В проходе главных пропилонов, на стенке правого из них, вырезаны следующие слова: „L’an six de la Republique, le 13 Messidor, une armee francaise commandee par Bonaparte est descendue a Alexandrie. L'armee ayant mis vingt jours, apres les mamelouks en fuite, aux Pyramides, Dessaix commandant la premiere division les a poursuivis au dela des cataractes, oil il est arrive le 13 Ventose de I’an 7. Les Generaux de brigade Daoust (Davoust), Briant et Belliard, Donbelot (Dombellot), chef de l’etat major, la Tournerie, commandant l’artillerie, Eppler chef de la 2-eme legere. Le 13 Ventose I'an 7 de la Republique, le 3 Mars an de J. C. 1799. Grave par Castex sculpteur“. [134]
Запятые и точки я расставил сам, по догадке. В подлиннике они отсутствуют. К тому же, если руководствоваться строгим смыслом текста, окажется, что Дессэ прогнал за пороги не мамелюков, а пирамиды. Как видно, доблестная армия не отличалась грамотностью; по бокам этой надписи, заметны на камне короткие горизонтальные желобки — следы других соскобленных слов, без сомнения подписей туристов, пожелавших увековечить свои имена — а над нею крупными буквами отпечатано: „une page d’histoire ne doit pas etre salie“ [135].
— Parbleu, certainement non! говорил повар, еще не докуривший своей гаванской сигары — il u a par ici Bonaparte et Republique, ca doit etre respecte. [136]
Между тем имена путешественников, изгнанные с одной стороны прохода, появились среди древних изображены противоположной стороны. Да и самая похвальба Французской республики святотатно легла на 20-ти вековом рисунке: под фамилии Наполеоновских генералов сбита и сглажена целая пелена барельефов и иероглифов, и таким образом страница другой истории, если не более обаятельной, то во всяком случае менее известной, чем поход Наполеона в Египет, исчезла на вещи никем не прочтенная {29}.

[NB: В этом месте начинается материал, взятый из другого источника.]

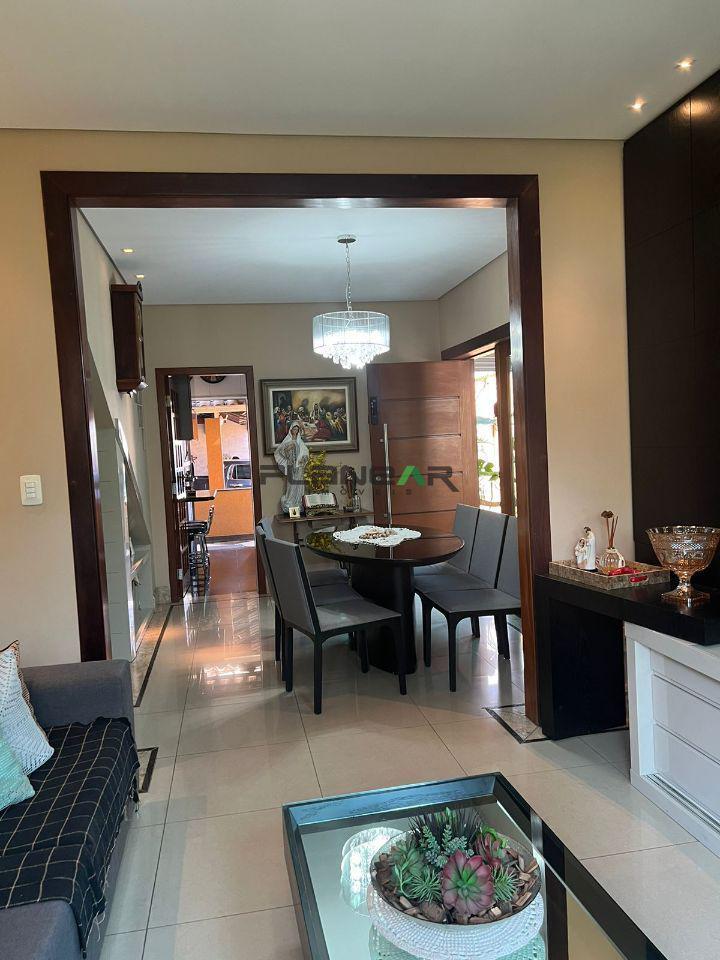 Casa, Amazonas, 5 Quartos, 5 Vagas, 1 Suíte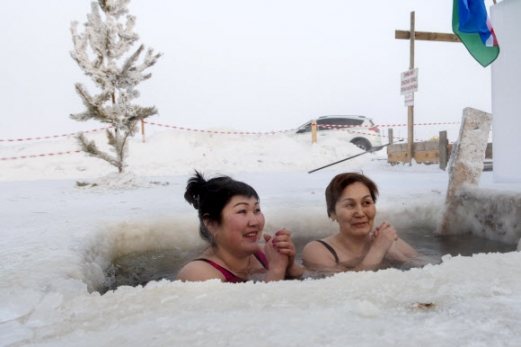 Women bath in ice water of Len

С верхних террас большего из храмов озираешь a vol d’oiseau с одной стороны внутренние его дворы и примкнувшие к нему меньшие храмы, с другой — пересекающиеся черты улиц разрушенного селения; неподалеку стоит „киоск Траяна“, беседка из одних колонн, легкая, как сооружения афинского Акрополя (колонны соединены стенками лишь в нижней части). За рукавами Нила, обнявшими остров, высятся темные гранитные утесы; между ними то там, то здесь зеленеет финиковый кустарник или грезят четы стройных пальм. Западный берег не сплошной: он прорезан невидимым отсюда рукавом, отмежевывающим остров Бигэ [137] (оконечность последнего в половодье образует еще другой самостоятельный остров, Коноссо). На севере, сузившись, река со слабым ропотом пропадает у подножия скал, среди крупных валунов. Сейчас в том направлении скрылась, точно в скалы ушла, изящная дагабия под американским флагом. Выше фил, Нил заворачивает на юго-запад, и там, где он исчезает, отгадываешь прежние широкие плёсы и прежнее приволье. На восточном берегу, под живым наметом пальмовых вершин, дымится пароход; возле него, на зеленой полоске берега, для туристов, только-что возвратившихся со вторых порогов, раскинуто несколько белых палаток. Завтра пароход идет в Вади-Хальфу— последний рейс нынешней зимы.